Baik. Aku berkenalan dengan wanita
itu. Wanita yang membuatku cemburu. Bagaimana mungkin? Seseorang yang telah
membuatku sakit itu ingin bersahabat denganku. Aku tak bisa menolak dan memang
akan sangat bodoh jika aku menolaknya. Mengapa demikian? Karena sebuh alasan
yang cukup logis: bukankah jika aku dekat dengannya, aku bisa tau tentang orang
yang kusukai tersebut? Aku benar, seratus persen. Cuma hitungan hari, aku sudah
akrab dengannya. Dia banyak curhat kepadaku, dan aku banyak tau tentang
dirinya. Dan aku sadar perlahan, ketika dia bercerita kedekatannya dengan orang
yang kusuka, ada rasa benci di dalam hati. Aku selalu merasa, seharusnya akulah
yang dekat dengan orang yang kusukai itu. Ya, aku egois. Aku akui itu. Semakin
hari aku semakin akrab dengannya. Hingga akhirnya suatu ketika, aku merasa ada
yang salah dengan rasa benci di hatiku ini. Aku tidak nyaman dengan perasaanku.
Aku selalu berpura-pura menjadi sahabat yang baik yang selalu mendengar keluh
kesahnya. Aku sadar, aku cemburu. Aku sadar, ketika aku memberinya semangat,
seharusnya aku menyemangati diriku sendiri dan bukan dia. Aku sadar aku muak
dengan semua ceritanya. Aku sadar aku mau mengangis membaca semua curhatannya.

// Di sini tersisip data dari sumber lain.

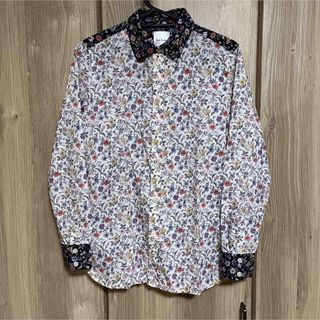 ポールスミス(Paul Smith)のpaul smith ポールスミス 花柄シャツ　ブラウス(シャツ/ブラウス(長袖/七分))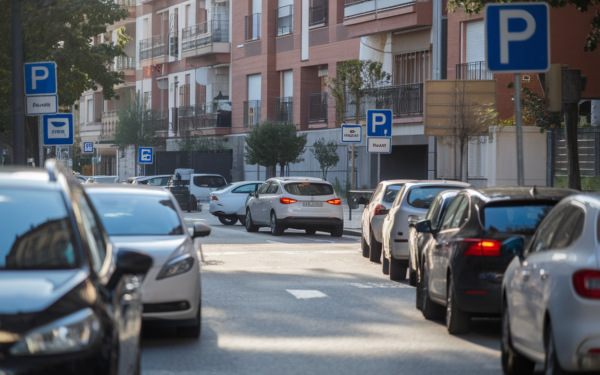Madrid revoit l'extension du stationnement payant: Moratalaz pourrait rester sans parcmètres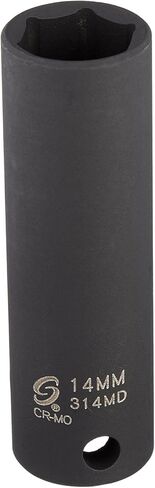 Sunex 314md 3/8-Inch Drive 14-Mm Deep Impact Socket in Saudi Arabia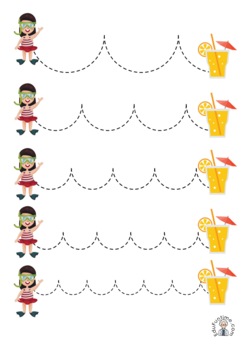 free summer worksheets for preschool kindergarten by edu funtime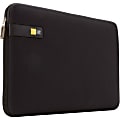 Case Logic LAPS-111 Carrying Case (Sleeve) for 10" to 11.6" Chromebook, Ultrabook - Black - EVA Foam Body - 9.5" Height x 1.2" Width x 12.3" Depth - 1 Carton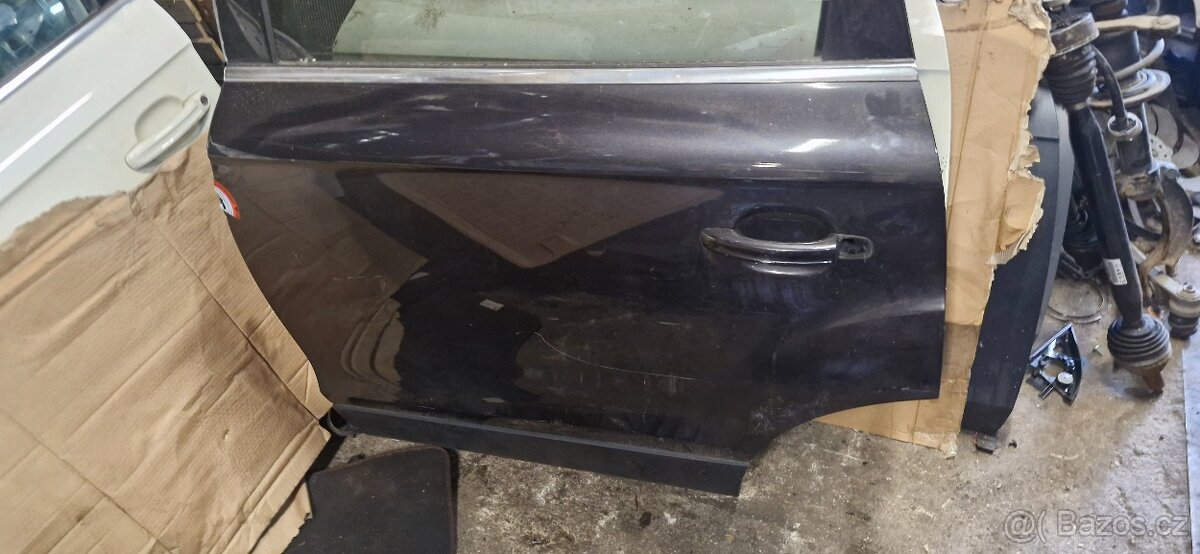 Leve zadni dvere audi Q7 4L - 4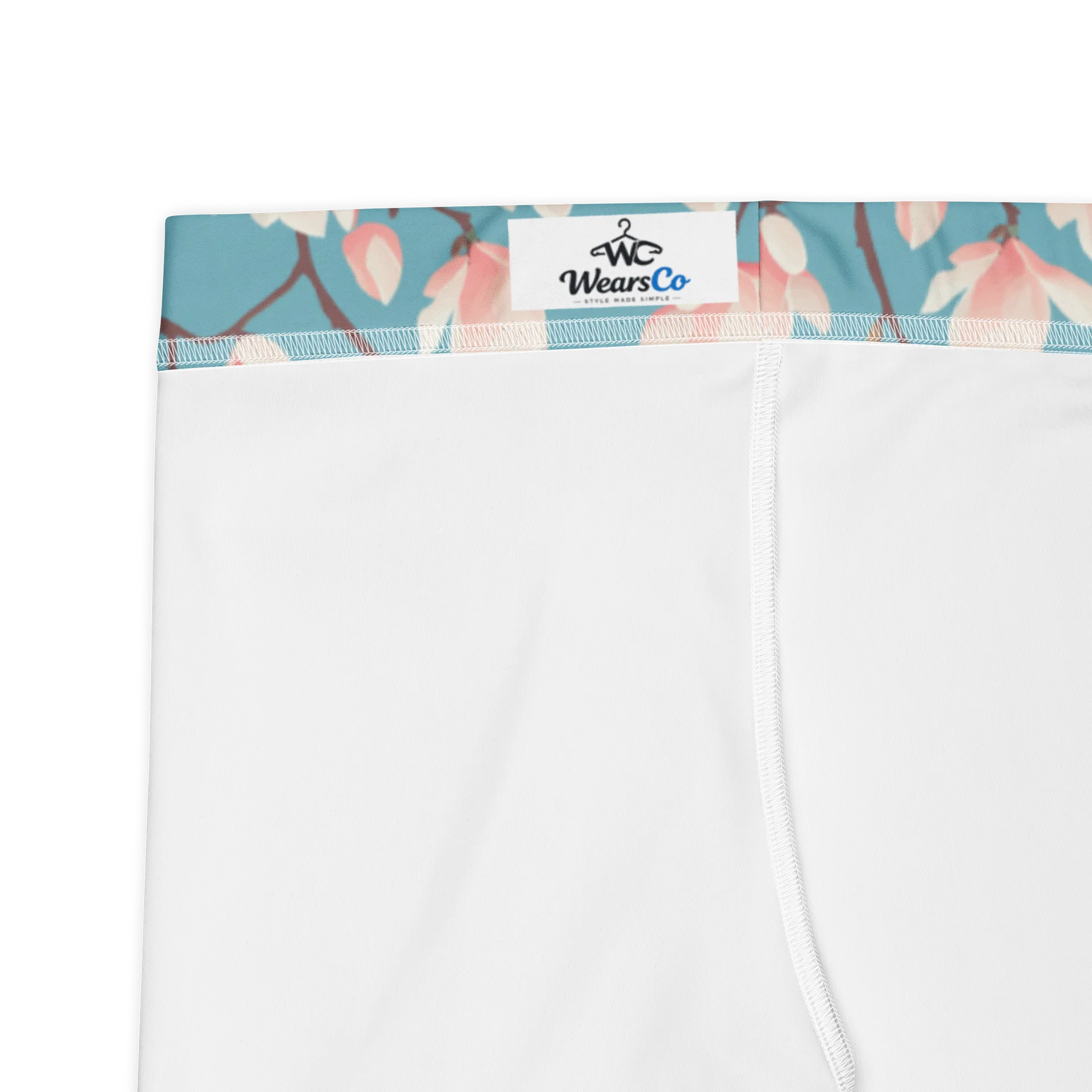 Elegant Magnolia Floral Leggings for Casual Outfits product image (7)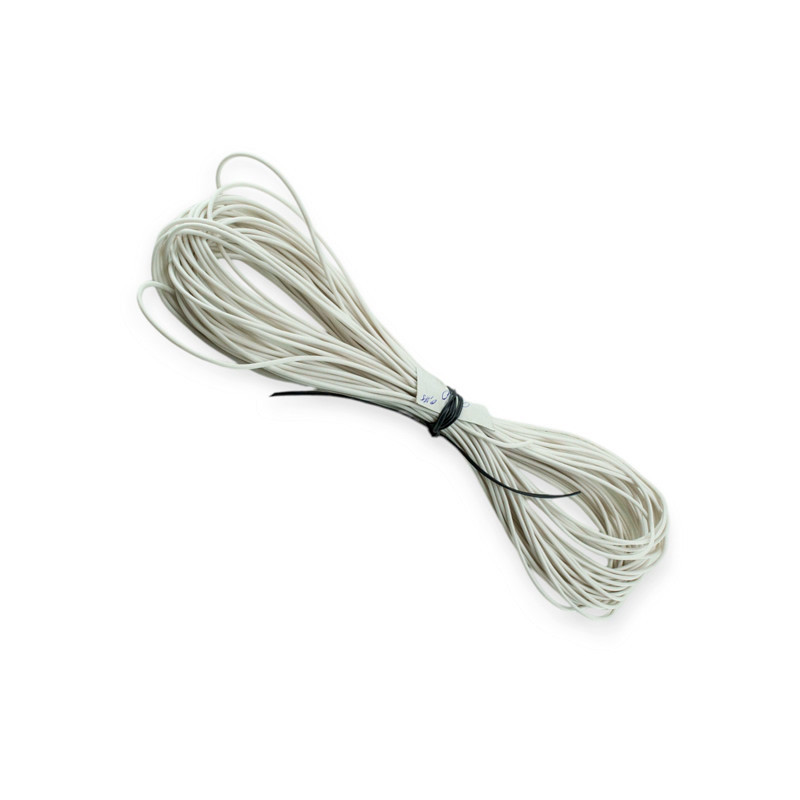 Провід на проводку багатож. d=0.75 білий (20 п.м.) Мукачево - фото 1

Aku sadar setiap kali aku ingin menangis, aku tahan. Dari sederet kata aku
sadar-aku sadar yang lain, yang paling membuatku terhenyak adalah ini: aku
sadar aku munafik!
Wanita itu tidak tau. Dia tidak tau
jika aku menyukai orang yang baru-baru ini dia sukai. Berulang kali aku
berpikir dia tidak pantas memiliki rasa itu. Dia tidak pantas cengeng dengan
selalu berkata padaku bahwa dia rindu. Sungguh demi apapun dia tidak pantas.
Dia tidak tau betapa aku menyukai orang itu dua tahun belakangan ini, dan tidak
hanya seperti dia yang baru tiga minggu mengenal orang itu. Dia tidak pantas
mengatakan rindu jika baru beberapa minggu tak bertemu. Sementara aku? Sudah
tujuh bulan dan tak pernah satu kali pun kata rindu keluar dari mulutku. Sekali
lagi, dia tidak pantas cengeng. Rasanya aku ingin mengatakan ini setiap kali
aku melihatnya cengeng: Jika kamu berpikir bahwa kamu adalah orang
paling menderita sedunia, maka pada saat itu kamu adalah orang yang tidak
pandai bersyukur.
Aku mencoba menenangkan diriku.
Kata-kata itu juga harusnya aku pakai untuk menasehati diriku sendiri. Aku
bilang pada diriku bahwa aku tidak berhak mengendalikan perasaan orang lain.
Pedih sekali ketika perlahan aku harus menerima bahwa kita berhak menyukai
orang yang sama dan berhak pula merindukan orang yang sama.
Sudah cukup, aku tak ingin ada
tangis di sini.
Jangan kepada orang yang aku sukai! Tuhan, jangan dia!